• TASK DIRECTIONS:
Exactly the lines from the one with "SIGMAUTO SPB710 - Kit" through the final line of the entries, and nothing else, should appear in the answer; no pictures go in it.

• Short descriptive text snippets:
BEGIN

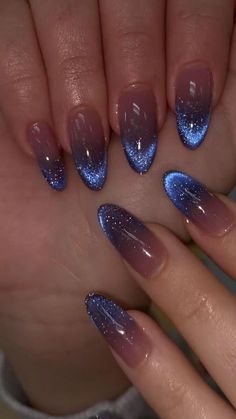 Blue Nail, Cat Eye Nails, Funny Profile, Funky Nails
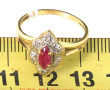 Bague 2 ors 18 cts, poinçon tête d'aigle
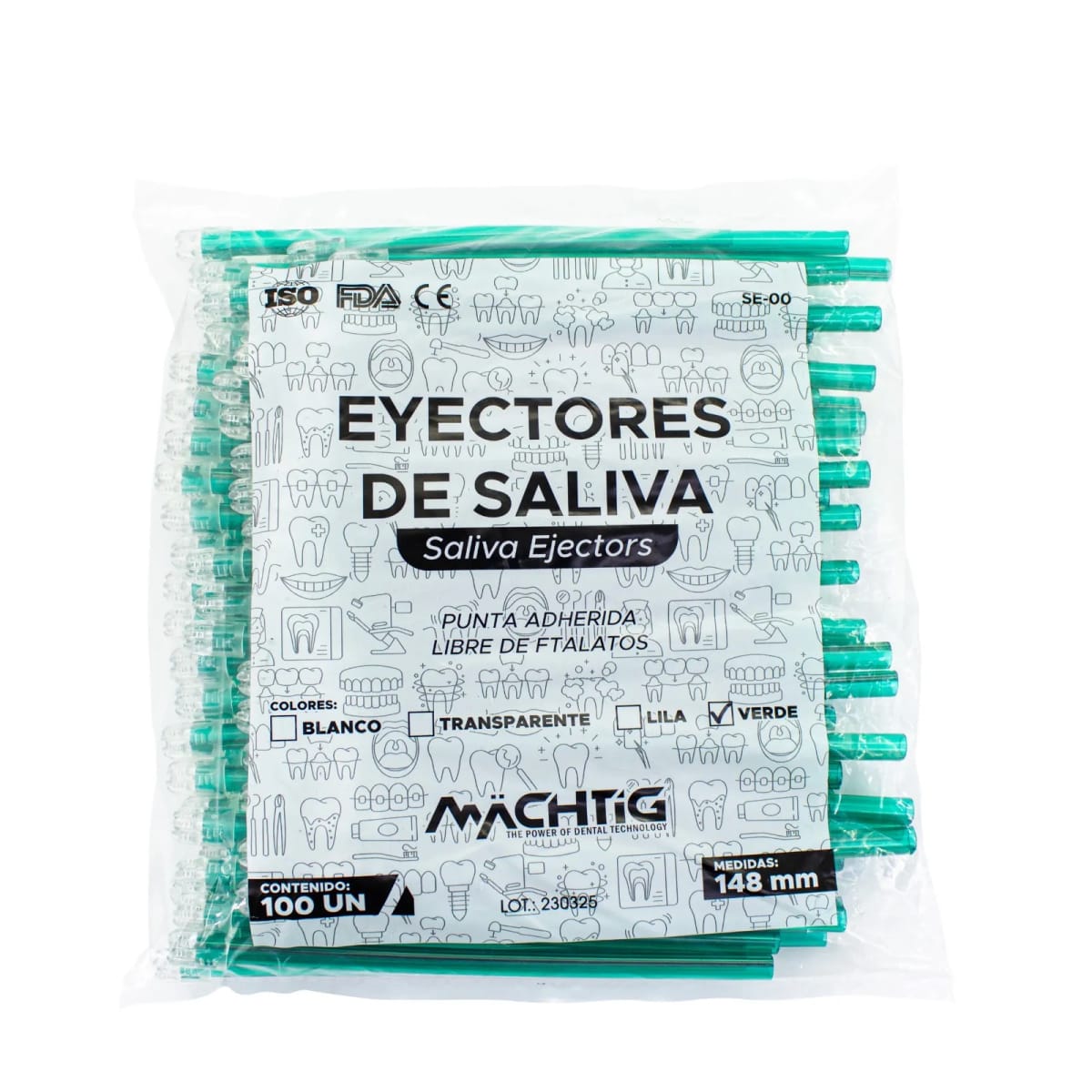 Eyectores de Saliva Color´s Basic Machtig3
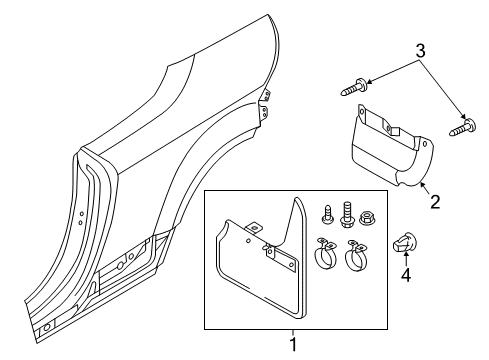 2016 Audi TT Quattro Exterior Trim - Quarter Panel Diagram 1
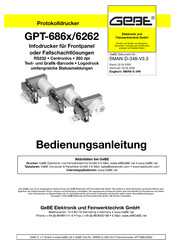 GeBe GPT-6262 Bedienungsanleitung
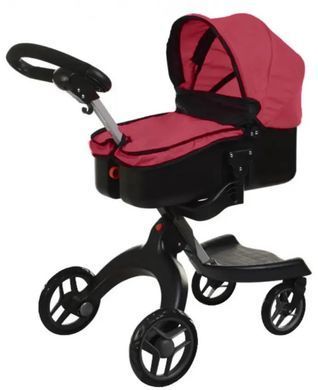 Коляска для куклы 2 в 1 CARRELLO GLORIA (с сумкой) 9631A+BAG DEEP RED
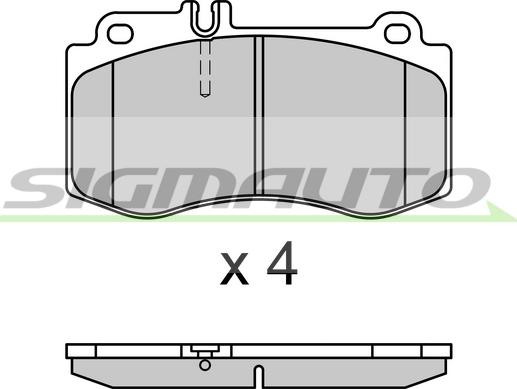 SIGMAUTO SPB710 - Kit de plaquettes de frein, frein à disque cwaw.fr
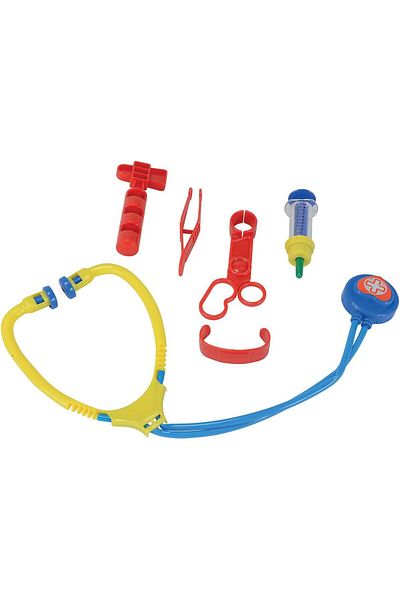 Simba Toys Set of 5 doctor's utensils, Plastic, Multicolor, Simba Toys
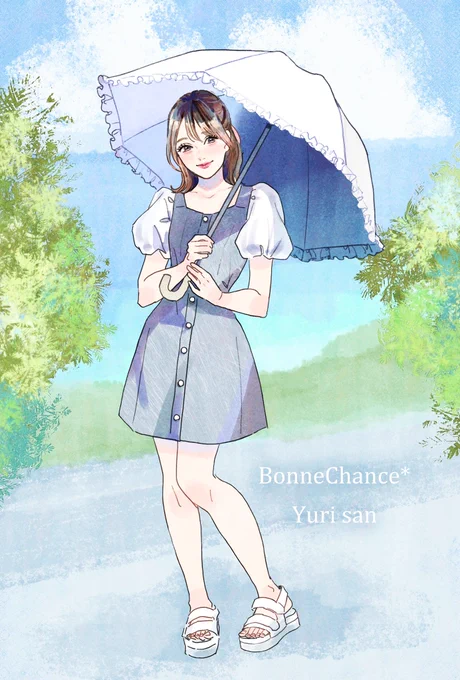 推しのyuriさん(@BonneChanceYuri )を描かせていただきました🫶

作品だけではなくご本人も可愛らしく優しくて天使の化身なのでは?と日々思っています👼💕

1枚目 個展にご来場くださった時のyuriさん
2枚目 大阪のミニチュアアート展の思い出を4コマ漫画にしました🐙 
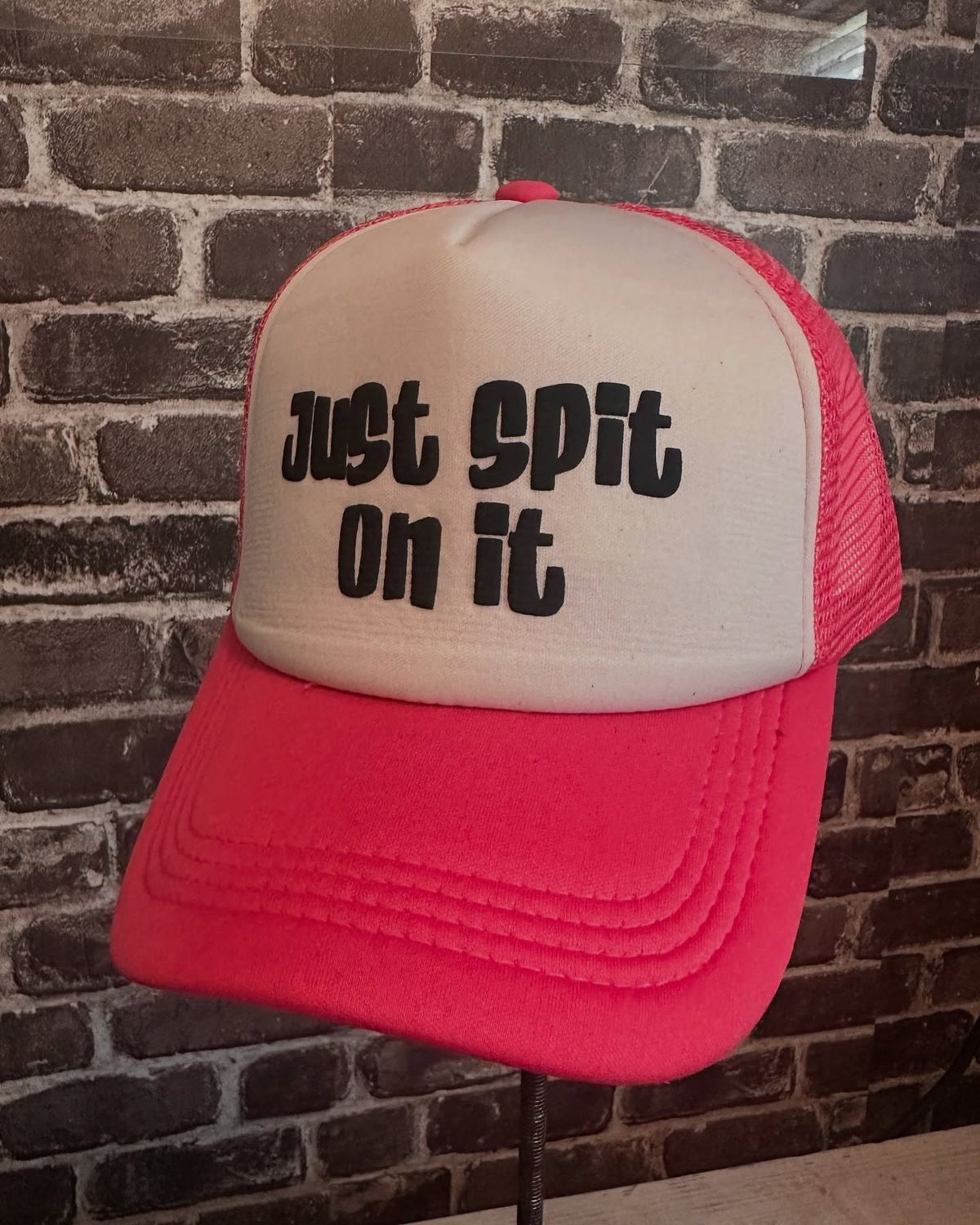 JUST SPIT ON IT - PINK - FOAM -SNAP BACK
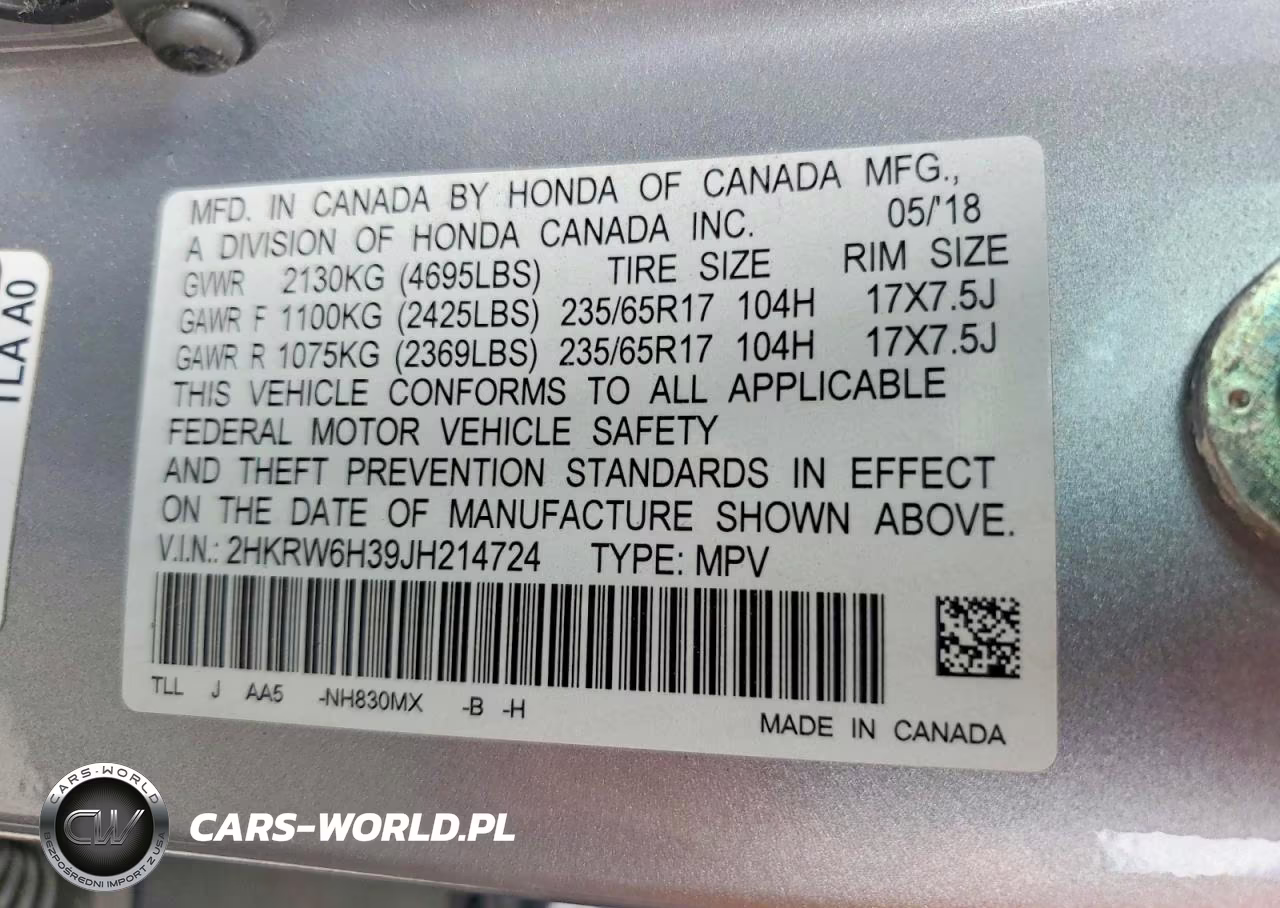 2018 Honda Cr-V Lx VIN:2HKRW6H39JH214724 - 13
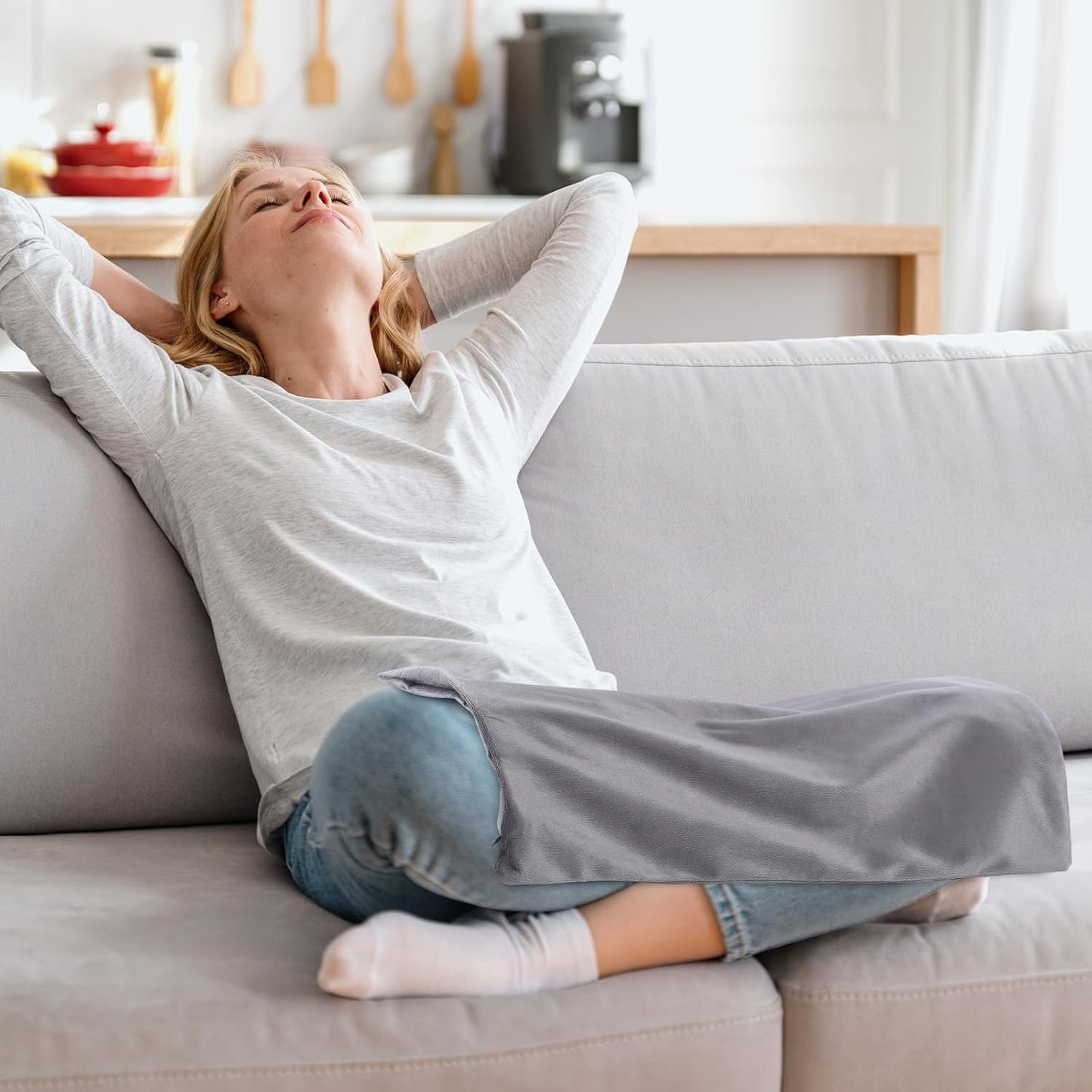 Mixweer Flannel Heating Pad Replacement Cover Soft Flannel Replacement Cover for Heating Pad or Pillow(Grey,12 x 15 Inches)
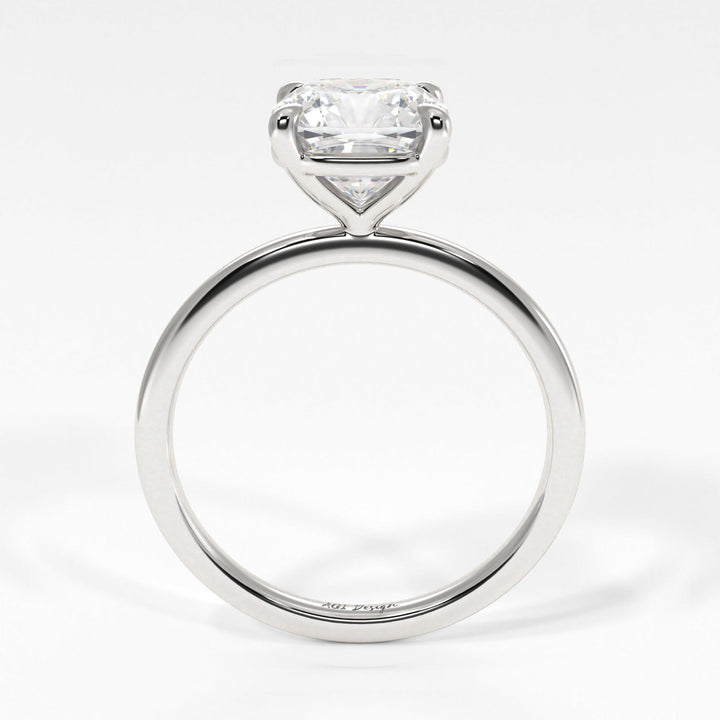 AGIDesignShop Eden Cushion Cut Moissanite Engagement Ring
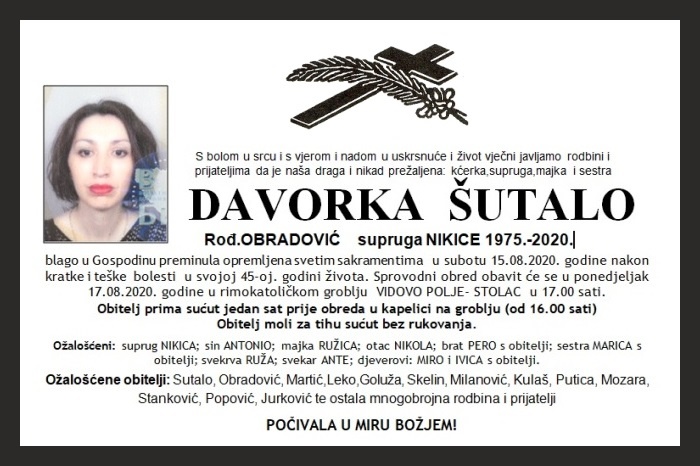 Davorka  Šutalo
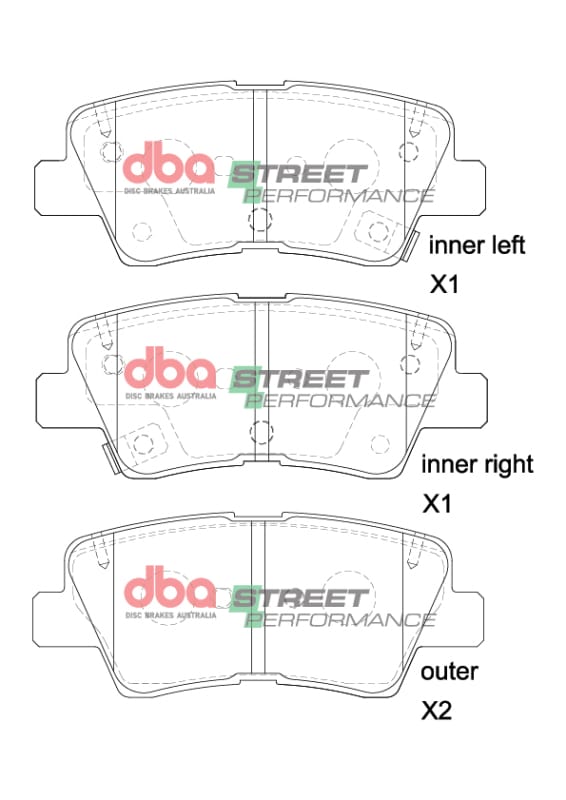 DBA — DBA 13-16 Hyundai Elantra GT SP Performance Rear Brake Pads
Brake Pad
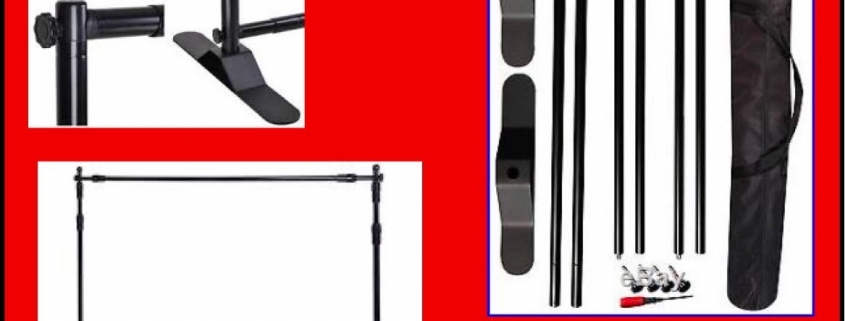 Adjustable photography backdrop support stand kit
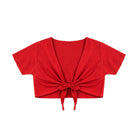 Ikat, Plain, Kids Top Crop - Love Anchor Bali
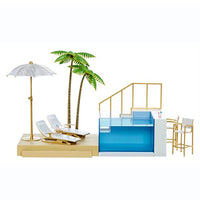 Thumbnail for RAINBOW HIGH 578475EUC Barbie Color Change Pool & Beach Club Playset, im Sale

END

• WORKED SOLUTION:
 SIGMAUTO SPB710 - Kit de plaquettes de frein, frein à disque cwaw.fr
 Simba Toys Set of 5 doctor's utensils, Plastic, Multicolor, Simba Toys
 推しのyuriさん(@BonneChanceYuri )を描かせていただきました🫶

作品だけではなくご本人も可愛らしく優しくて天使の化身なのでは?と日々思っています👼💕

1枚目 個展にご来場くださった時のyuriさん
2枚目 大阪のミニチュアアート展の思い出を4コマ漫画にしました🐙 
 JUST SPIT ON IT - PINK - FOAM -SNAP BACK
 2018 Honda Cr-V Lx VIN:2HKRW6H39JH214724 - 13
 Mixweer Flannel Heating Pad Replacement Cover Soft Flannel Replacement Cover for Heating Pad or Pillow(Grey,12 x 15 Inches)
 AGIDesignShop Eden Cushion Cut Moissanite Engagement Ring
 Davorka  Šutalo
 DBA — DBA 13-16 Hyundai Elantra GT SP Performance Rear Brake Pads
Brake Pad
 Adjustable photography backdrop support stand kit
 Ikat, Plain, Kids Top Crop - Love Anchor Bali
 Thumbnail for RAINBOW HIGH 578475EUC Barbie Color Change Pool & Beach Club Playset, im Sale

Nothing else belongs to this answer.